Guarding the Gate

I previously posted a narrower shot of this heavily-graffitied gun battery in the Marin Headlands. It really is incredible how much time and effort have gone into layering art on top of a concrete structure that began as so monolithic and practical. Adding in the encroaching pine needles makes for one Hell of a juxtaposition.

Guarding the Gate

Succulents

Succulent plants, like the rather sizeable one pictured here (I believe it is some sort of agave? I’m no botanist), abound in suburban Berkeley. Sometimes they even compete with passersby for sidewalk space, as is the case for this ones’ partner (not pictured) and evidently, based on the evidence of pruning, this one in the not too distant past. They sort of look alien in the otherwise temperate-appearing trappings of the bay area (the previously mentioned palm trees aside).

Succulent

Wonderfully Detailed House

In Berkeley there are some truly spectacular houses. This one is just up the street from my apartment, and has always caught my eye, mostly because it sticks out like a sore thumb, being flanked by sort of bland apartment buildings. With the coloring and the detailing over the front porch this house always reminds me of a flowering thistle or a flowering artichoke.

Colorful House

Room Service

My time at San Diego’s Westgate hotel really was delightful. As I described previously, the environs are beautifully refined by the standards of West Coast lodging. Every wall was clad in these wonderfully-texted wallpapers, and every door used (instead of a keycard) the most fascinating electronic keys. It all felt Byzantine and sophisticated and antique.

Room Service

Berkeley: Tropical Paradise?

Growing up in the good ol’ PNW I didn’t see many palm trees except on TV and in Movies so it was a little weird for me when I suddenly found myself in a place where they were landscaping staples (though I suppose not as much as they are in southern California). Whenever I see a palm tree (like this one in downtown Berkeley) it tends to remind me how tropical it ISN’T in the bay area, as if these trees which I associate with warm beaches are mocking me.

Palm Tree

The Lost(ish) Generation

Brendan and I don’t talk much about graduate school (in part because who wants to hear us complain?), but it still has a big impact on how we view the world. Long hours in windowless lab spaces make us really appreciate how amazing it is to feel the sun on your face.

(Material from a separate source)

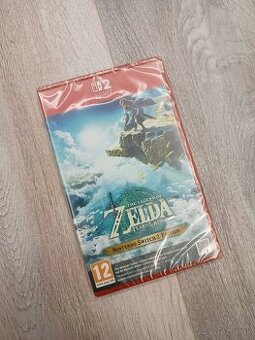 Legend of Zelda: Tears of the Kingdom - Nintendo Switch 2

There’s a particular balcony on the seventh floor of Tan Kah Kee Hall that has a clear and unrestricted view of nearly the entire San Francisco bay, and stepping out onto that balcony after spending all day down in lab can be utterly overwhelming. I think this picture really captures that feeling of the sun on my face at the end of a long, and the incredible relief that brings.

The Lost(ish) Generation

San Diego: the New Miami

I spent last week trapped in the San Diego convention center for the national meeting of the American Chemical Society. I say, “trapped,” not because the meeting wasn’t interesting (it was), but rather because convention centers give me precisely the feeling of being in an airport without every having the chance to actually leave. The same cheapy-modern design, the same overpriced food, and the same sense of being surrounded by other people who are just as unfamiliar with their environment as you are. It’s all a bit alienating.

Still, the “Historic” Gaslamp District (Come see the 2002 Borders building, a relic of a bygone era!) can be reasonably photogenic at sunset. The area around the convention center, much like Miami, is overfilled with palm trees that always feel a bit odd in comparison with the native plants. In spite of all that, the sun reflecting silhouettes off the polished glass facade of a building makes for a gorgeous skyline.

San Diego: the New Miami

Antique Creek

The environment changes so completely when it rains that I can’t help but run out with my camera in the moments between storms. Today’s photograph is another from UC Berkeley’s Strawberry Creek on a particularly drizzly day. The contrast between nature and the manicured stone walls works out quite nicely when everything is wet and glistening.

Antique Creek

Ingrained

This little stream was running by the trail not far from where Brendan took yesterday’s photo. At first, I felt distressed to see that tires had been dumped into the stream, but further inspection made it obvious that they’d been washed there in heavy rain years ago. There was a certain relief in seeing them encrusted in moss and being (at least partially) reclaimed.

The contrast between the blacks/greys of the tires/rocks and the array of greens in the moss, ferns, and trees worked out really nicely for highlighting the contrast between the “static” parts of the image and the encroaching life.